DR. CARL DANN IV, DDS, MS PRIVACY NOTICE THIS NOTICE DESCRIBES HOW MEDICAL INFORMATION ABOUT YOU MAY BE USED AND DISCLOSED AND HOW YOU CAN GET ACCESS TO THIS INFORMATION. PLEASE REVIEW IT CAREFULLY. Your protected health information (i.e., individually identifiable information, such as names, dates, phone/fax numbers, email addresses, home addresses, social security numbers, and demographic data) may be used or disclosed by us in one or more of the following respects: To other health care providers (i.e., your general dentist, oral surgeon, etc.) in order to obtain payment of your account (i.e., to determine the results of cleanings, surgery, etc.); To third party payors or spouses (i.e., insurance companies, employers with direct reimbursement, administrators of flexible spending accounts, etc.) in order to obtain payment of your account (i.e., to determine benefits, dates of payment, etc.); To certifying, licensing and accrediting bodies (i.e., the American Board of Orthodontics, state dental boards, etc.) in connection with obtaining certification, licensure or accreditation; Internally, to all staff member who have any role in your treatment; To other patients and third parties who may see or overhear incidental disclosures about your treatment, scheduling, etc.; To your family and close friends involved in your treatment; and/or, We may contact you to provide appointment reminders or information about treatment alternatives or other health-related benefits and services that may be of interest to you.

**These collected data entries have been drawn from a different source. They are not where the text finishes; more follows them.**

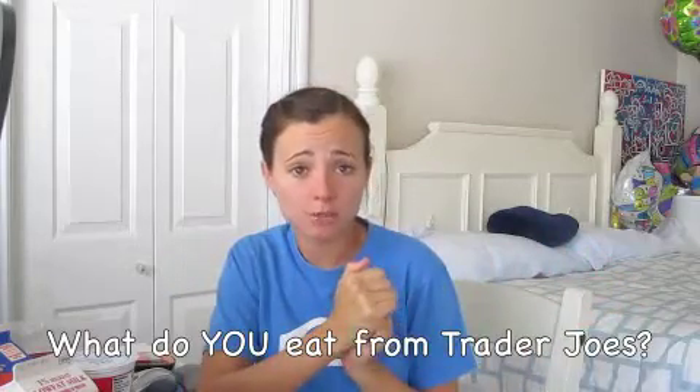Good morning, beautiful people! I just want to make a quick video because I was curious as to what you guys eat from Trader Joe's. I've been getting the same stuff for the past five years and I'm getting a little burnt out. Let's begin — I'm gonna show you what I get, and if you could tell me what you get, I would really appreciate it because I just want to try something new.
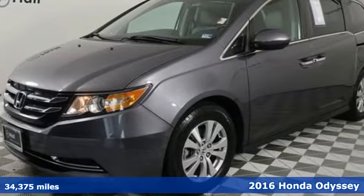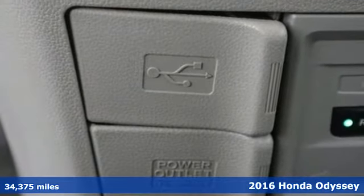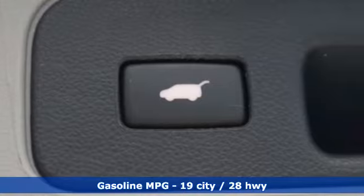Here's a 2016 Honda Odyssey. Honda has a world-renowned reputation for reliability, and with features like these, every drive is a pleasure.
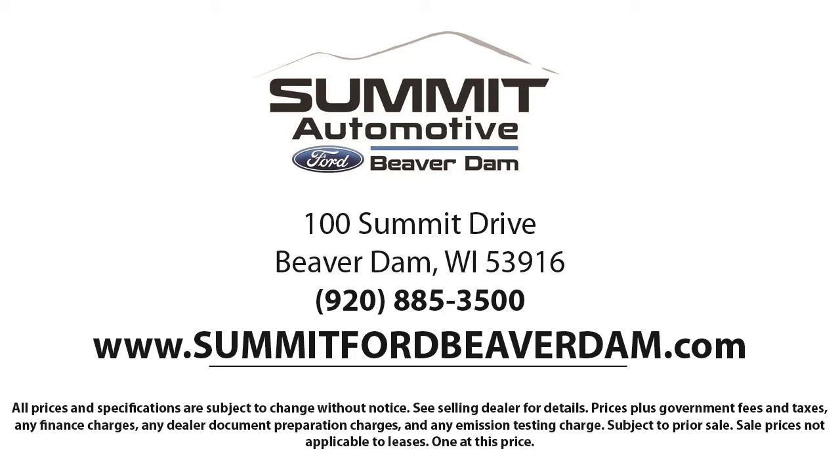Come see us today and experience the satisfaction that comes from being a Summit Ford customer. We're located at 100 Summit Drive in Beaver Dam. Thank you.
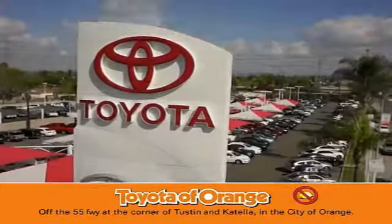Well, you won't get a lemon from Toyota I want.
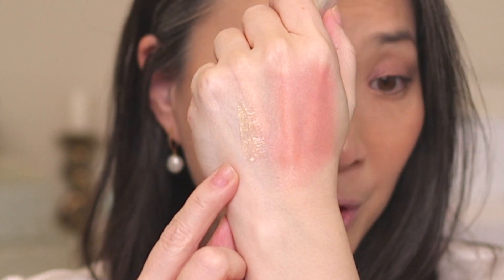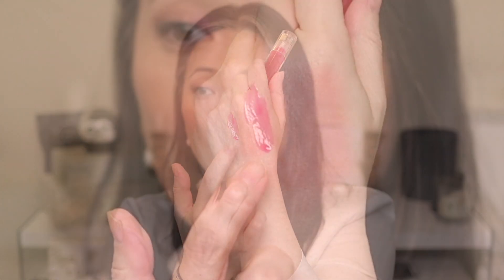I picked up two of the Tower 28 lip glosses. I had purchased the Fire shade a couple of weeks ago and fell in love with it. I got Magic, which is a clear-ish iridescent glittery shade — it has a golden shift and really subtle shimmers. That's going to be so beautiful on its own as a topper. I also got XOXO, which really looks like jelly. These are called the Shine On Lip Jelly Lip Glosses. I cannot wait to use these.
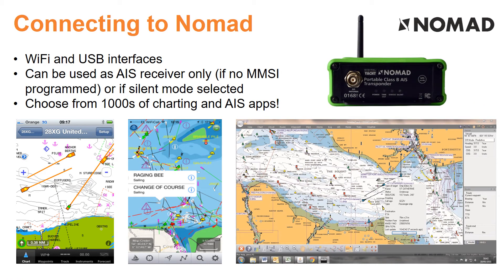WiFi and USB interfaces are standard and there's a wide variety of compatible apps for iOS, Android, PC and Mac. The unit can also act as just an AIS and GPS receiver if MMSI and specific boat data is not available to be pre-programmed.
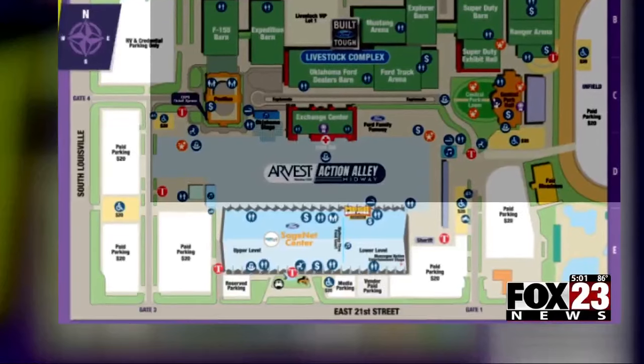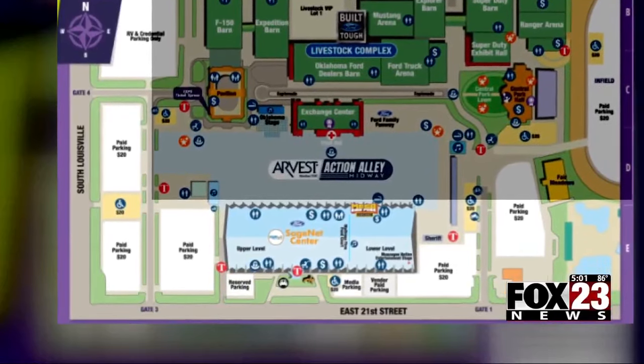If you're wanting to park on fairgrounds, be prepared to pay. It'll cost you $20 to park at the fair, either card or cash, and there are six designated parking lots. You can see here the closest lots are on 21st and Louisville.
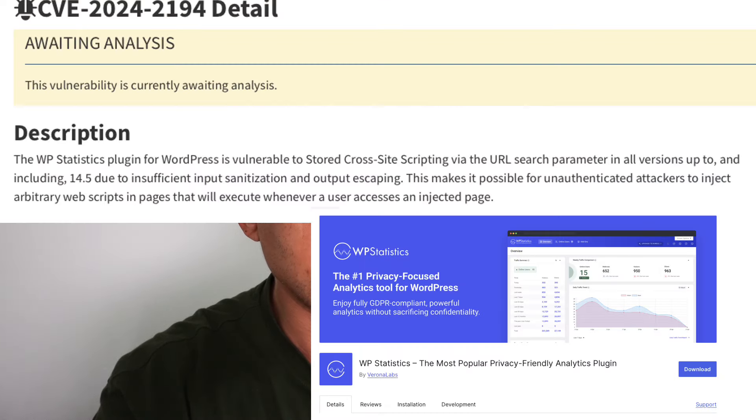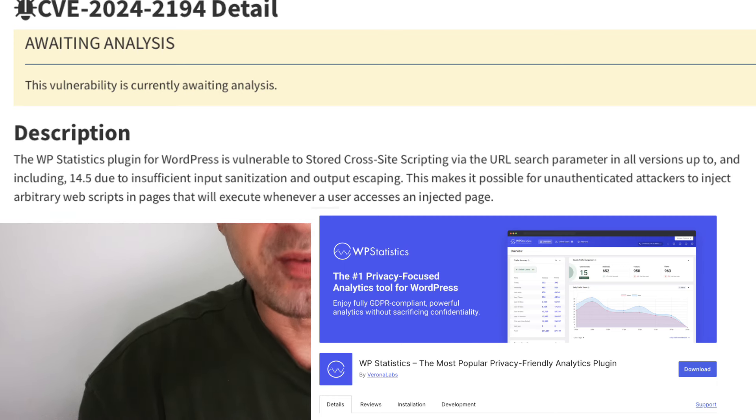In a May 29th blog post, Fastly researchers said the attack payloads they observed inject a script tag that points to an obfuscated JavaScript file hosted on an external domain. The first bug is CVE-2024-2124, affecting WP Statistics. WP Statistics is a very commonly used WordPress plugin — it mainly shows clicks to your site, the number of visitors, and gives you a nice graph. There's a free version and a paid version. WP Statistics has had its issues in the past, so I don't recommend using it. If you still have it on your website, you might want to disable it or remove it.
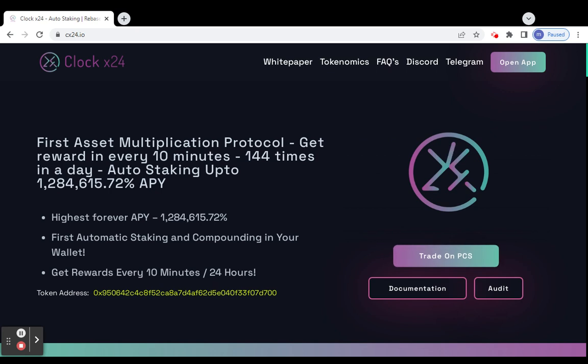This is the best project — it uses an asset multiplication protocol which gives us a reward just for holding Clock X24 token in your wallet. Rewards are updated every 10 minutes, 144 times a day. Auto-compounding is also a feature here, as you can check on screen.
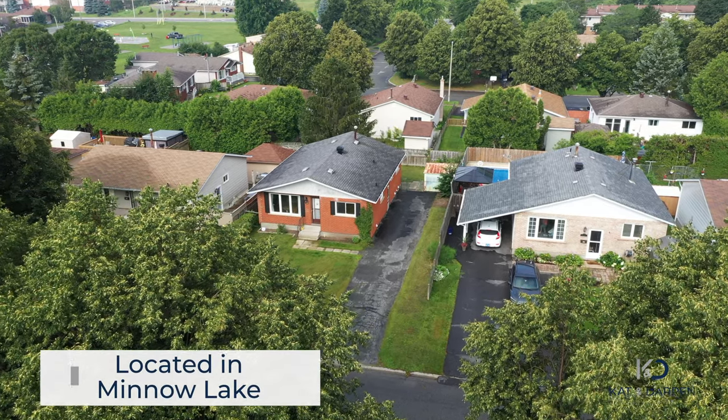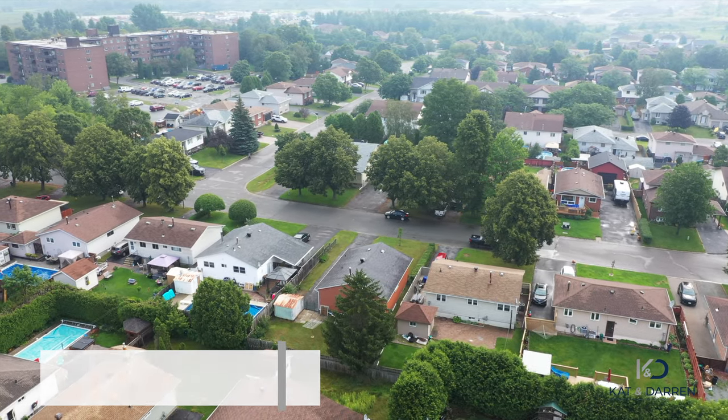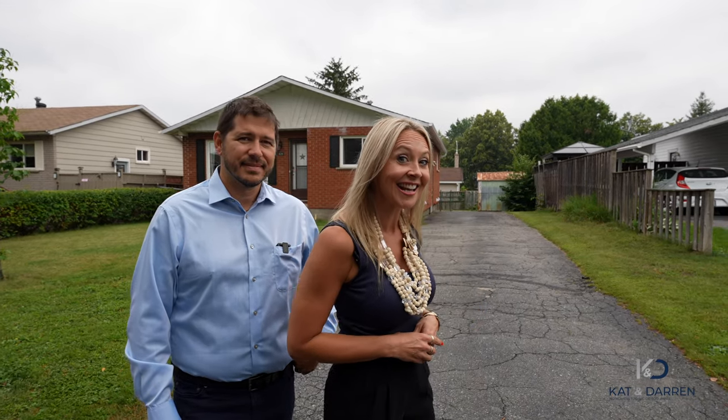Come take a tour with us inside this all brick, four bedroom, two full bath home. It's centrally located on a quiet street next to a children's park and offers 2200 square feet of living space. Come on inside.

Any other uses or disclosures of your protected health information will be made only after obtaining your written authorization, which you have the right to revoke. Under the new privacy rules, you have the right to: Request restrictions on the use and disclosure of your protected health information; Request confidential communication of your protected health information; Inspect and obtain copies of your protected health information through asking us; Amend or modify your protected health information in certain circumstances; Receive an accounting of certain disclosures made by us of your protected health information; and, You may, without risk of retaliation, file a complaint as to any violation by us of your privacy rights with us (by submitting inquiries to our Privacy Contact Person at our office address) or the United States Secretary of Health and Human Services (which much be filed within 180 days of violation).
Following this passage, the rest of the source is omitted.